[Scraped caption text data]
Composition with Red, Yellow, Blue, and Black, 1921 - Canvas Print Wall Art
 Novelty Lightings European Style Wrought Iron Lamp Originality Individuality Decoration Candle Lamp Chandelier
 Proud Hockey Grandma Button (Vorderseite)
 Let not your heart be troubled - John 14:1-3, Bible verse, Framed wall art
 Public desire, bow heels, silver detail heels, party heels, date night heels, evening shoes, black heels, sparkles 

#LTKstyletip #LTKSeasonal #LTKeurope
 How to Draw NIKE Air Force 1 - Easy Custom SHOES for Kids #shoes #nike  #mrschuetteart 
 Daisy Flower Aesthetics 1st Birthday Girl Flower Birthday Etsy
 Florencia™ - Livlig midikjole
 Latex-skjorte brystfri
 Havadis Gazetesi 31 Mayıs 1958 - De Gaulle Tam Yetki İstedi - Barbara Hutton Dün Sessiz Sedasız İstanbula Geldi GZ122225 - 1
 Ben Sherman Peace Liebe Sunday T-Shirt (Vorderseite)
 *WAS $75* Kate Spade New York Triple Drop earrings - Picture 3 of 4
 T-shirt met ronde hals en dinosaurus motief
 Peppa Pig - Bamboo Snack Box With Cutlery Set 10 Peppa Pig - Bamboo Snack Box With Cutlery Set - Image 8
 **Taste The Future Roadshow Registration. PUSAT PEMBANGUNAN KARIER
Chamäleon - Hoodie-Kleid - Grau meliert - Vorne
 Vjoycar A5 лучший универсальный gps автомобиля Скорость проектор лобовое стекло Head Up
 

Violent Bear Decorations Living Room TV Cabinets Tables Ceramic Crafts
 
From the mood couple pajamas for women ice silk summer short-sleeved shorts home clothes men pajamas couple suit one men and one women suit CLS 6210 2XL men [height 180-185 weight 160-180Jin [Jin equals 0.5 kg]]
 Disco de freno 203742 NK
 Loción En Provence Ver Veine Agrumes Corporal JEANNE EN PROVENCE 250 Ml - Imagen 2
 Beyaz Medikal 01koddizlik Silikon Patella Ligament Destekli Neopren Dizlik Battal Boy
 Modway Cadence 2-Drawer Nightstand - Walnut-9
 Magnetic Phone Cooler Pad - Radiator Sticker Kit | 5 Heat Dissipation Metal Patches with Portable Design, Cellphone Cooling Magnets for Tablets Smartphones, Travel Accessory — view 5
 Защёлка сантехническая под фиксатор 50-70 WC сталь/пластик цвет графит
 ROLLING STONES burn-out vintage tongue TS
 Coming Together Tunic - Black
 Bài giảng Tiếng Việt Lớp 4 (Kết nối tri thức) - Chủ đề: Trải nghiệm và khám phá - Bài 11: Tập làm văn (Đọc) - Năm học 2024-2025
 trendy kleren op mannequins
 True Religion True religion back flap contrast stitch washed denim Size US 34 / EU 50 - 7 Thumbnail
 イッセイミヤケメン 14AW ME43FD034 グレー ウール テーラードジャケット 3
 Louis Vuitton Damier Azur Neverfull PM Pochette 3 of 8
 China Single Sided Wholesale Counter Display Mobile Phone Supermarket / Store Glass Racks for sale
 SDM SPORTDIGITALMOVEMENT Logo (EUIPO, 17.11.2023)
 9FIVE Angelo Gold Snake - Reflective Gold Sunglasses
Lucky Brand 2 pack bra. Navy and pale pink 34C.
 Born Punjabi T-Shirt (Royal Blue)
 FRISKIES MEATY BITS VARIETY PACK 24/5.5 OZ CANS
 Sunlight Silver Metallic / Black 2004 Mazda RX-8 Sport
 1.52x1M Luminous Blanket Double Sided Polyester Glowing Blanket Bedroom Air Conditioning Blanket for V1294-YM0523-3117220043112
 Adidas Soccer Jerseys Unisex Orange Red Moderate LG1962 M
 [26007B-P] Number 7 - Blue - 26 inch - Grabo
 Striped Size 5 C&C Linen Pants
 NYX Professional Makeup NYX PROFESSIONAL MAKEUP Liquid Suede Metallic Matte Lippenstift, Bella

* [What is required]: The records above should be printed in full, exactly as they appear.

* [Exercise solution]:
Composition with Red, Yellow, Blue, and Black, 1921 - Canvas Print Wall Art
 Novelty Lightings European Style Wrought Iron Lamp Originality Individuality Decoration Candle Lamp Chandelier
 Proud Hockey Grandma Button (Vorderseite)
 Let not your heart be troubled - John 14:1-3, Bible verse, Framed wall art
 Public desire, bow heels, silver detail heels, party heels, date night heels, evening shoes, black heels, sparkles 

#LTKstyletip #LTKSeasonal #LTKeurope
 How to Draw NIKE Air Force 1 - Easy Custom SHOES for Kids #shoes #nike  #mrschuetteart 
 Daisy Flower Aesthetics 1st Birthday Girl Flower Birthday Etsy
 Florencia™ - Livlig midikjole
 Latex-skjorte brystfri
 Havadis Gazetesi 31 Mayıs 1958 - De Gaulle Tam Yetki İstedi - Barbara Hutton Dün Sessiz Sedasız İstanbula Geldi GZ122225 - 1
 Ben Sherman Peace Liebe Sunday T-Shirt (Vorderseite)
 *WAS $75* Kate Spade New York Triple Drop earrings - Picture 3 of 4
 T-shirt met ronde hals en dinosaurus motief
 Peppa Pig - Bamboo Snack Box With Cutlery Set 10 Peppa Pig - Bamboo Snack Box With Cutlery Set - Image 8
 **Taste The Future Roadshow Registration. PUSAT PEMBANGUNAN KARIER
Chamäleon - Hoodie-Kleid - Grau meliert - Vorne
 Vjoycar A5 лучший универсальный gps автомобиля Скорость проектор лобовое стекло Head Up
 

Violent Bear Decorations Living Room TV Cabinets Tables Ceramic Crafts
 
From the mood couple pajamas for women ice silk summer short-sleeved shorts home clothes men pajamas couple suit one men and one women suit CLS 6210 2XL men [height 180-185 weight 160-180Jin [Jin equals 0.5 kg]]
 Disco de freno 203742 NK
 Loción En Provence Ver Veine Agrumes Corporal JEANNE EN PROVENCE 250 Ml - Imagen 2
 Beyaz Medikal 01koddizlik Silikon Patella Ligament Destekli Neopren Dizlik Battal Boy
 Modway Cadence 2-Drawer Nightstand - Walnut-9
 Magnetic Phone Cooler Pad - Radiator Sticker Kit | 5 Heat Dissipation Metal Patches with Portable Design, Cellphone Cooling Magnets for Tablets Smartphones, Travel Accessory — view 5
 Защёлка сантехническая под фиксатор 50-70 WC сталь/пластик цвет графит
 ROLLING STONES burn-out vintage tongue TS
 Coming Together Tunic - Black
 Bài giảng Tiếng Việt Lớp 4 (Kết nối tri thức) - Chủ đề: Trải nghiệm và khám phá - Bài 11: Tập làm văn (Đọc) - Năm học 2024-2025
 trendy kleren op mannequins
 True Religion True religion back flap contrast stitch washed denim Size US 34 / EU 50 - 7 Thumbnail
 イッセイミヤケメン 14AW ME43FD034 グレー ウール テーラードジャケット 3
 Louis Vuitton Damier Azur Neverfull PM Pochette 3 of 8
 China Single Sided Wholesale Counter Display Mobile Phone Supermarket / Store Glass Racks for sale
 SDM SPORTDIGITALMOVEMENT Logo (EUIPO, 17.11.2023)
 9FIVE Angelo Gold Snake - Reflective Gold Sunglasses
Lucky Brand 2 pack bra. Navy and pale pink 34C.
 Born Punjabi T-Shirt (Royal Blue)
 FRISKIES MEATY BITS VARIETY PACK 24/5.5 OZ CANS
 Sunlight Silver Metallic / Black 2004 Mazda RX-8 Sport
 1.52x1M Luminous Blanket Double Sided Polyester Glowing Blanket Bedroom Air Conditioning Blanket for V1294-YM0523-3117220043112
 Adidas Soccer Jerseys Unisex Orange Red Moderate LG1962 M
 [26007B-P] Number 7 - Blue - 26 inch - Grabo
 Striped Size 5 C&C Linen Pants
 NYX Professional Makeup NYX PROFESSIONAL MAKEUP Liquid Suede Metallic Matte Lippenstift, Bella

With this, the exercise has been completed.